One of the hallmarks of the UAE economy has been the ease of doing business. Considering an almost negligible expense of creating a new company, business owners have often chosen to create separate companies for distinct business activities over operating separate divisions within a single company. The operations amongst the (group) companies are generally so intertwined that the individual company’s profit or loss is immaterial. In other words, there may be a net loss for few companies while the profits will sit in other companies.
Under the erstwhile no-tax regime, the individual company’s tax positions did not matter. The VAT grouping options supported such structures to remain VAT-neutral.
The status will change under Corporate Tax (CT). To protect excessive tax outflows through the (group) companies earning profits, business owners could evaluate the grouping options. UAE CT has two distinct concepts of groups namely, ‘Qualifying Group’ and ‘Tax Group’.
Two or more entities are eligible to form a qualifying group if, amongst other conditions, a person has a direct or indirect ownership of at least 75 per cent in each of such companies. The person so holding the ownership interests could be an individual or another company. A formal approval from FTA is not required to create a ‘qualifying group’.
Any transfer of an asset or liability among the members of a qualifying group will be treated as at net book value, irrespective of the actual sale price. In other words, the transfer of assets or liabilities will not result in any gain/loss for tax purposes. Companies eligible to form a ‘qualifying group’ could also transfer tax loss from one company to another in certain scenarios.
However, each member of a qualifying group will arrive at its own profit or loss, and undertake tax compliance individually.
A tax group can be formed between two or more entities only if, amongst other conditions, a company directly/indirectly holds at least 95 per cent of the voting rights in such entities. FTA’s formal approval is required to form a tax group.
A tax group is treated as a single taxable person. The taxable income of a ‘tax group’ will be determined by aggregating the net taxable income/loss of all group members. Even if the profits are sitting in one set of companies while the expenses are parked in others, the group will pay CT only on the net income of the entire group.
Tax restructurings and anti-abuse rules
A qualifying group apparently requires a person to hold at least 75 per cent of the ownership. If two or more persons hold 75 per cent or more ownership, the qualifying group may not be formed. Similarly, a tax group could be formed only if a company holds 95 per cent or more of the voting rights. If an individual holds the voting rights in various companies, the tax group could not be formed.

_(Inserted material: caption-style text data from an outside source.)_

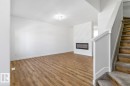Open-concept living space with wood-finish flooring, a contemporary electric fireplace with a diagonal shiplap accent wall, a white painted staircase with carpeted treads, and a flush-mount ceiling light fixture - 6625 46 Avenue, Beaumont, AB  - Indoor Photo Showing Other Room 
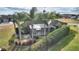 Aerial view of the backyard with a covered patio, lush landscaping, and privacy hedges at 561 Meandering Way, Polk City, FL 33868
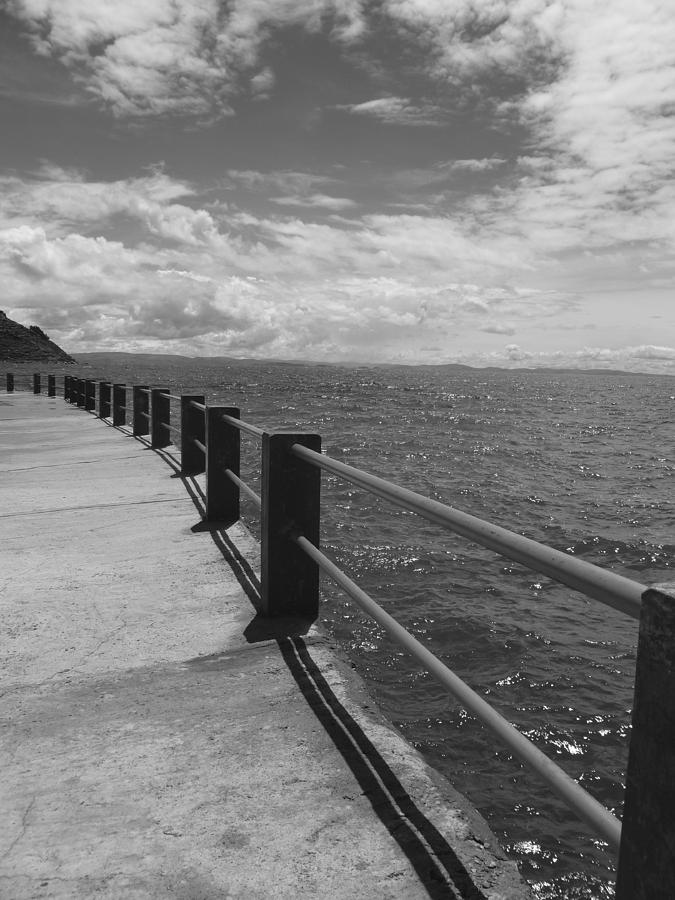 Black And White Photograph - Pier in Peru by Charlotte Talwar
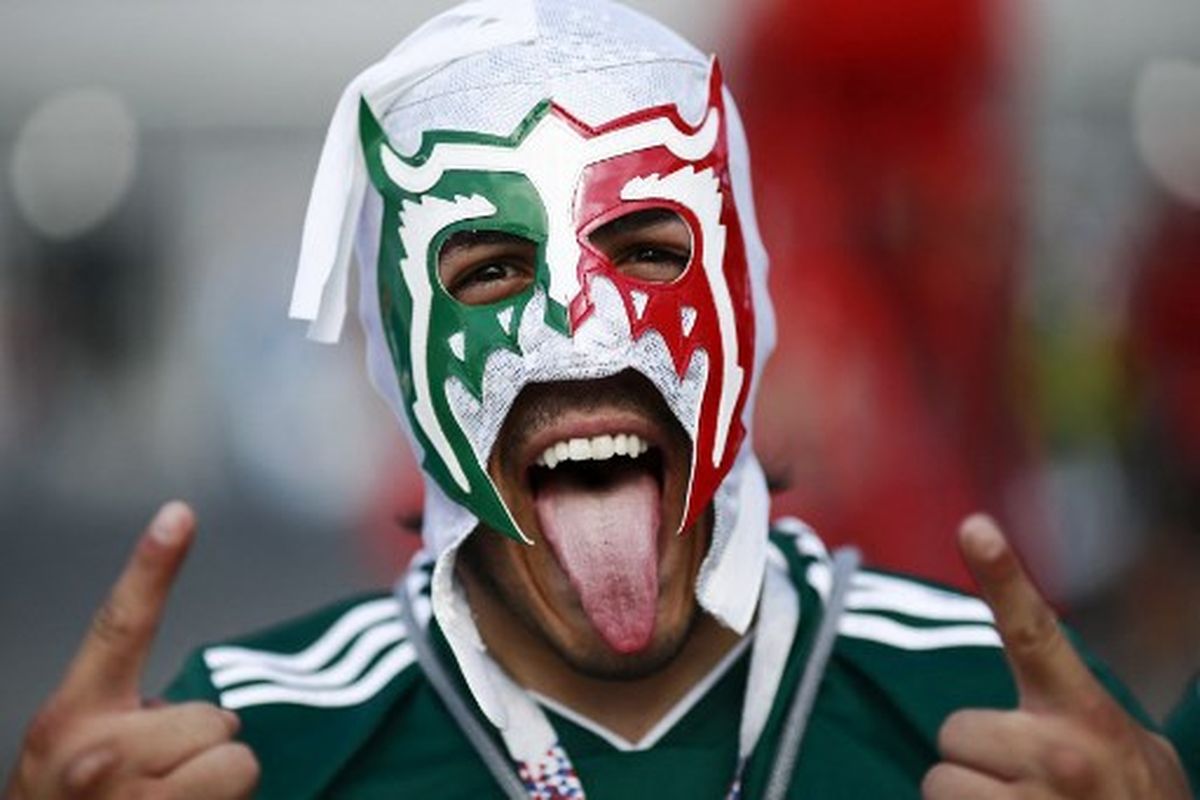 Seorang fans timnas Meksiko menggunakan topeng di Samara Arena ketika mendukung negaranya pada laga 16 besar Piala Dunia 2018 Rusia kontra Brasil. Penggunaan topeng di stadion menjadi salah satu hal yang dilarang selama Piala Dunia 2022 Qatar.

Business owners might be considering to revamp the ownership structures to avail the tax grouping benefits. If the 75 per cent ownership is held by more than one person, the owners may consider consolidating the ownership under a single person to take the benefits of a qualifying group.
A question arises whether anti-abuse rules would apply in such scenarios? Any transaction or arrangement, without valid commercial reasons, aimed to gain tax benefits could be disregarded under the anti-abuse rules.
One could argue that a tax group could be formed only after an express approval from FTA and hence the anti-abuse rules could not be invoked at a later stage. A question remains if the tax group will be approved if a new holding company is set up only to meet the eligibility criteria and avail the tax benefits.
This could have significant impact on tax planning by the corporate groups.